> _INPUT DATA_
++++++++++

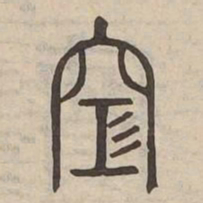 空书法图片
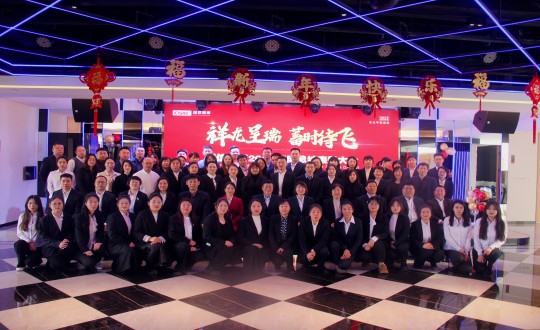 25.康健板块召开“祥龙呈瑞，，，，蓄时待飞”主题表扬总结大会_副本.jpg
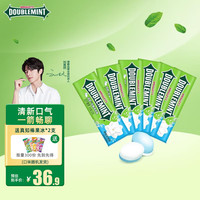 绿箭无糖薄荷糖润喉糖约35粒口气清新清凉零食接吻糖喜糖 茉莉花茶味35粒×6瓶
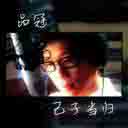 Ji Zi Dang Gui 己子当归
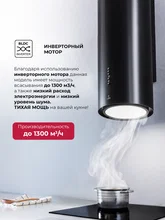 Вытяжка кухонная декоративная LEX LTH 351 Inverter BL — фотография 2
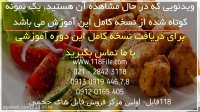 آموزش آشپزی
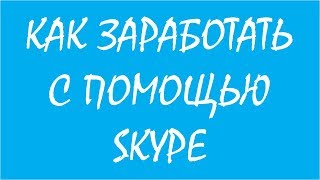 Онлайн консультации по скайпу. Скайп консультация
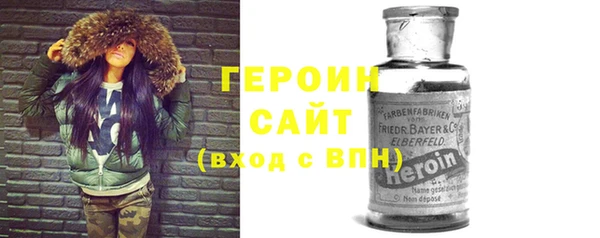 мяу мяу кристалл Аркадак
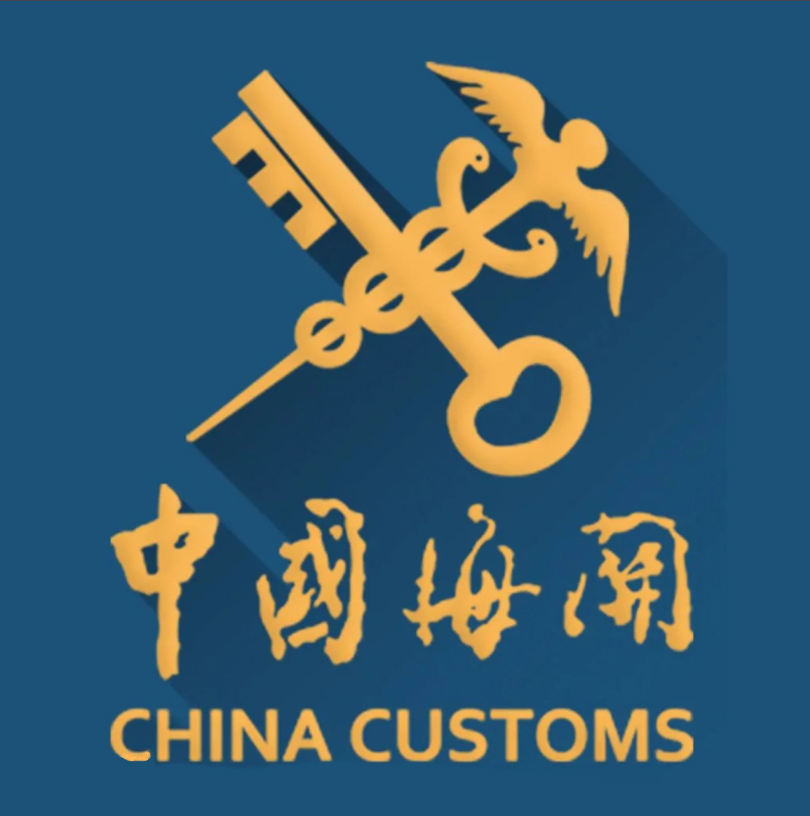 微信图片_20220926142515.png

++++++++++

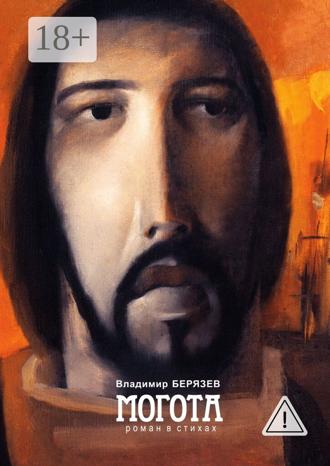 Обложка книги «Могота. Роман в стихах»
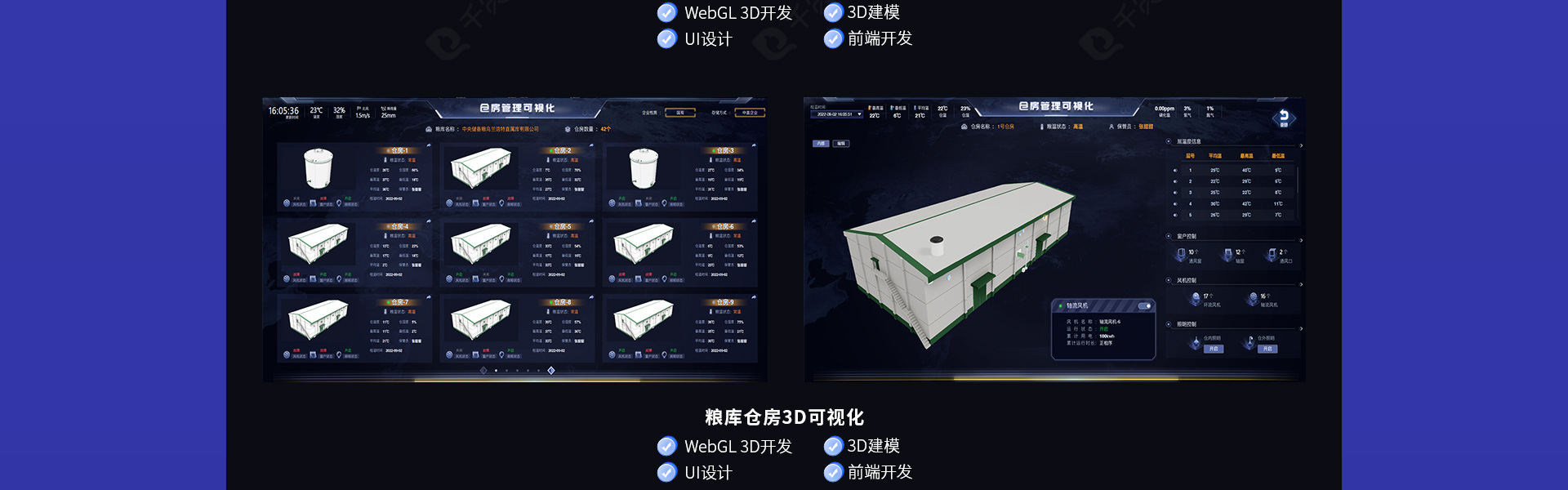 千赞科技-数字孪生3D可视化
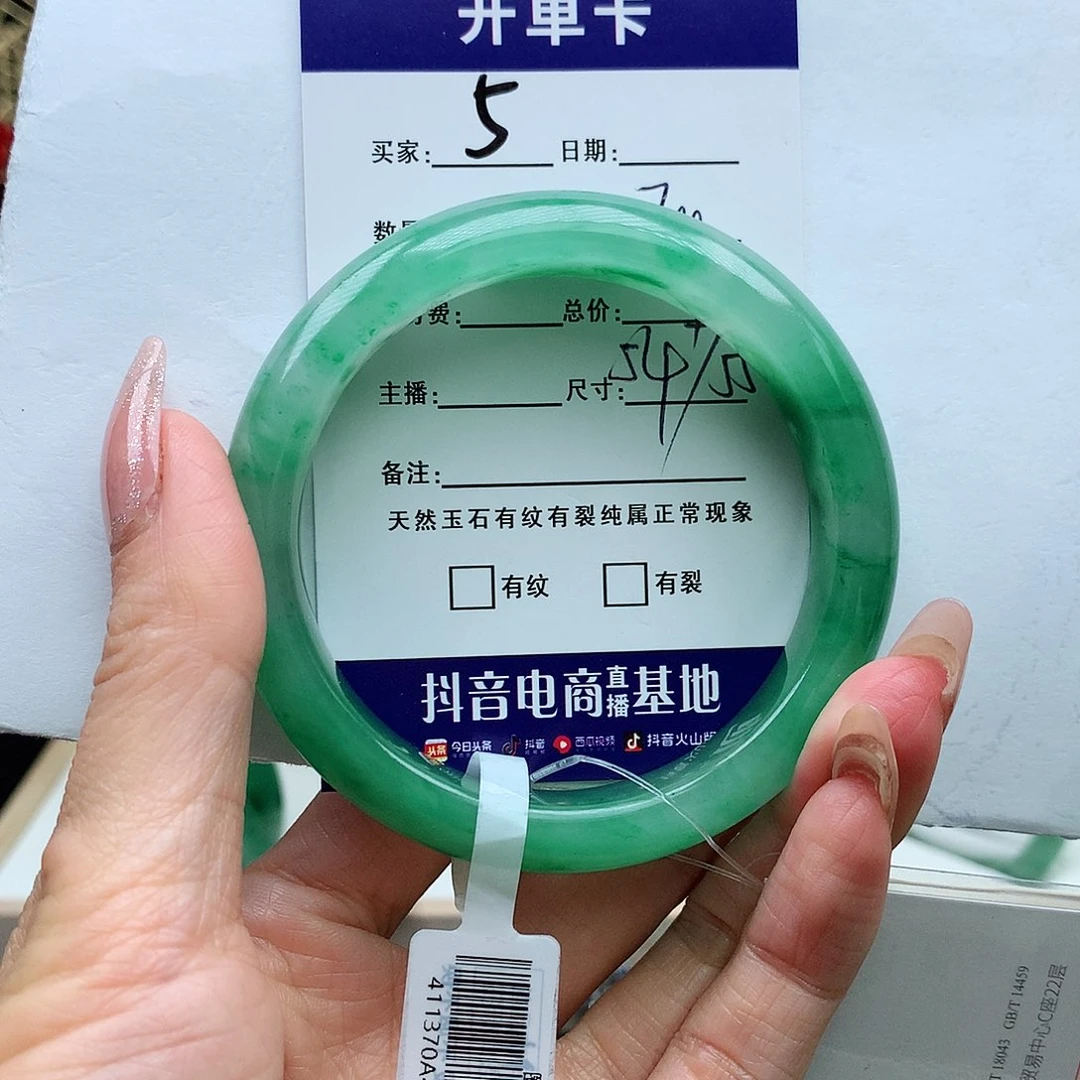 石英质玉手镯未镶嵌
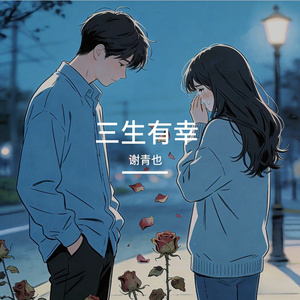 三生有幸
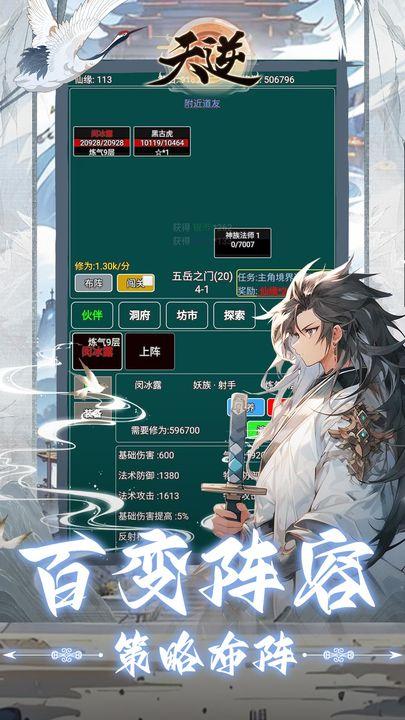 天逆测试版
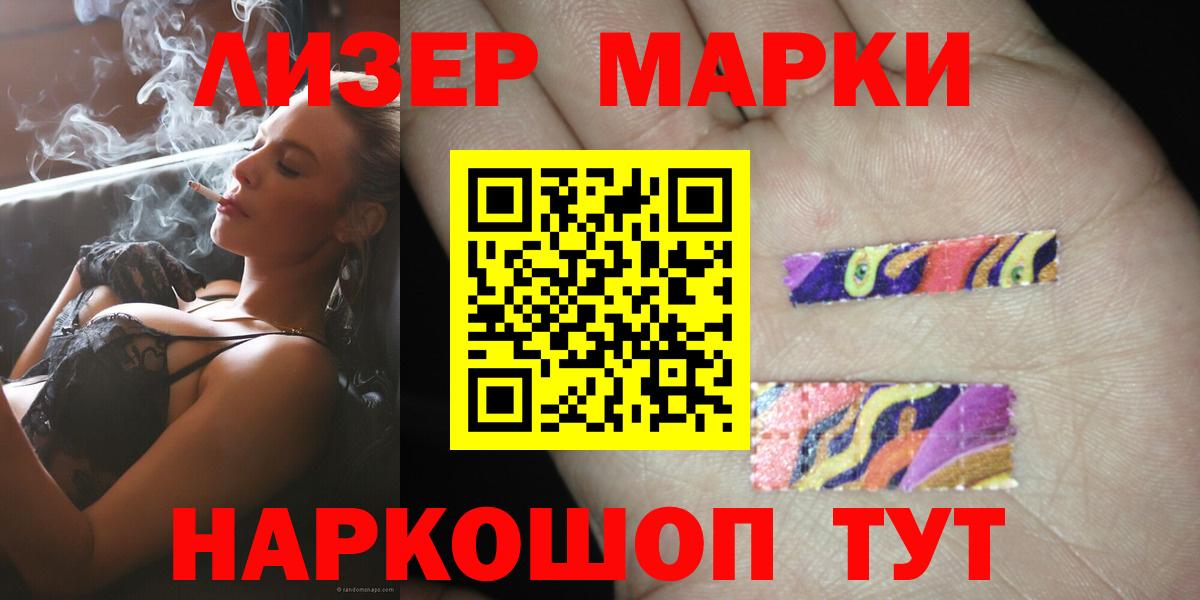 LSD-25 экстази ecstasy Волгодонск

++++++++++

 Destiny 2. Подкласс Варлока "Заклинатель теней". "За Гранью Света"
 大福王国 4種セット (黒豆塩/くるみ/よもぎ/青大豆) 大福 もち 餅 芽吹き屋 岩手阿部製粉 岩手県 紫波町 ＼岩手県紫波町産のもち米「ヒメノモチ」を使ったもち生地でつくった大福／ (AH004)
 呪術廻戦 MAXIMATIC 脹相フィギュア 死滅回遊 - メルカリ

++++++++++

> _REQUIRED ACTION_
Copy back exactly the lines above from the one containing "千赞科技-数字孪生3D可视化" through the one containing "LSD-25 экстази ecstasy Волгодонск", and leave every picture behind.

> _YOUR SOLUTION_
 千赞科技-数字孪生3D可视化
 石英质玉手镯未镶嵌
 三生有幸
 天逆测试版
 LSD-25 экстази ecstasy Волгодонск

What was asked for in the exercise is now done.